======== Records
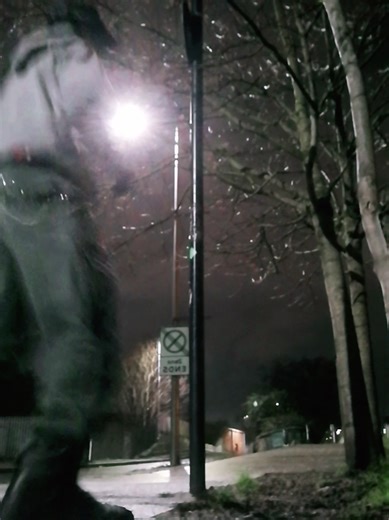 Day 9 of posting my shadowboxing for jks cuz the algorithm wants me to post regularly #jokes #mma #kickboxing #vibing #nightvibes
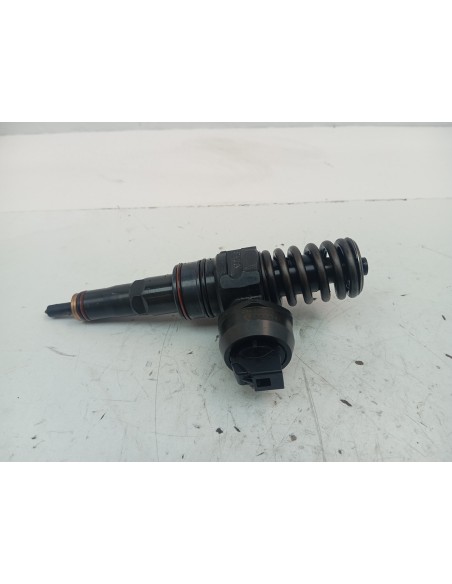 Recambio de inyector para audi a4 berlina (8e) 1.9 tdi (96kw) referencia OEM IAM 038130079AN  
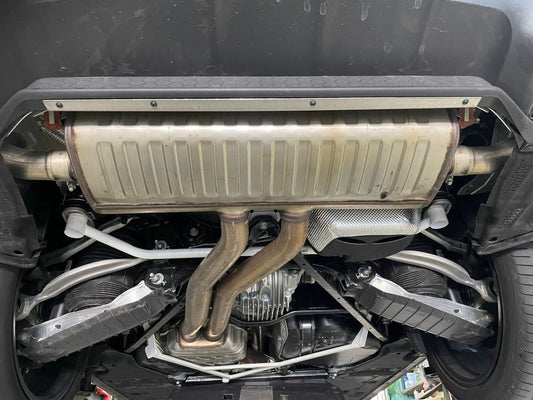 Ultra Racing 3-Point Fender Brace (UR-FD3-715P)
================
======== Records
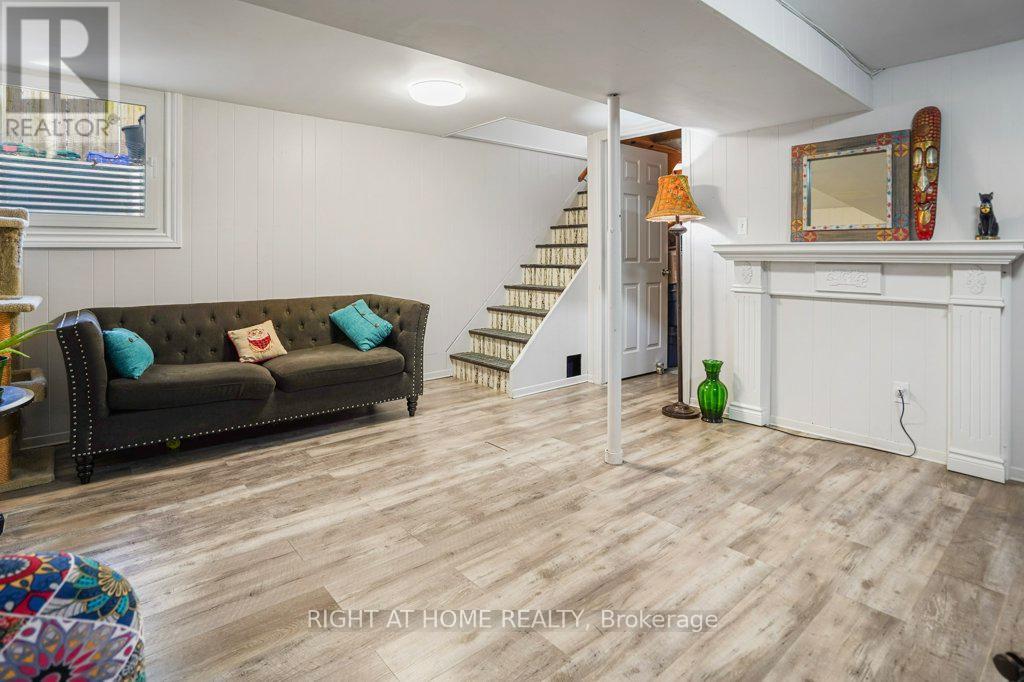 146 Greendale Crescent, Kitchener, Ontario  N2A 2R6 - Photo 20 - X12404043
================
======== Records
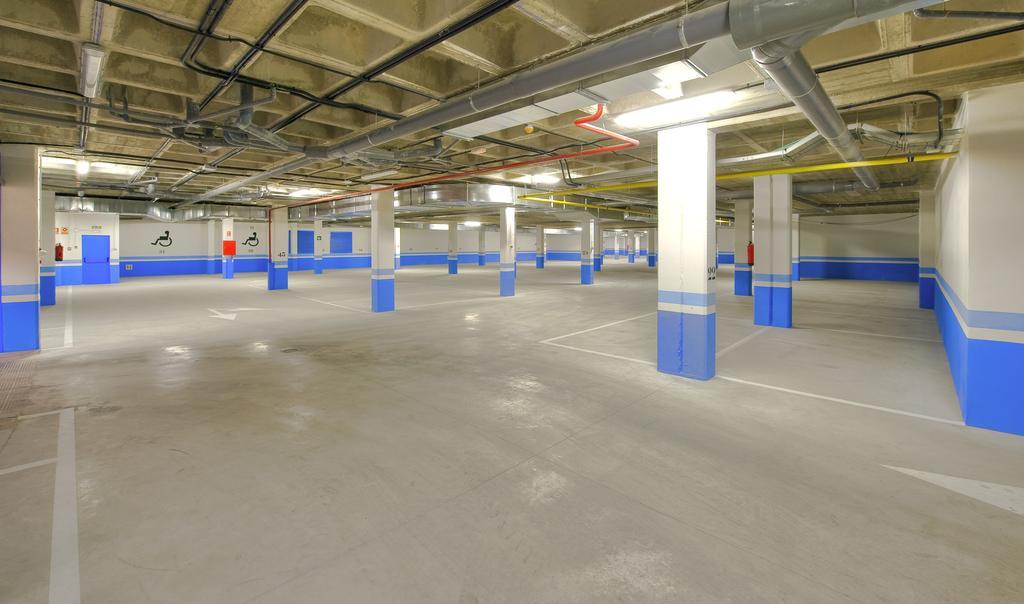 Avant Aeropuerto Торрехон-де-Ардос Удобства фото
================
[What needs to be done] Nothing but the lines above, starting at the line that contains "Recambio de inyector" and ending at the line that contains "Ultra Racing 3-Point", should be given again, exactly and without the pictures.

[Solved problem]
 Recambio de inyector para audi a4 berlina (8e) 1.9 tdi (96kw) referencia OEM IAM 038130079AN  
 Ultra Racing 3-Point Fender Brace (UR-FD3-715P)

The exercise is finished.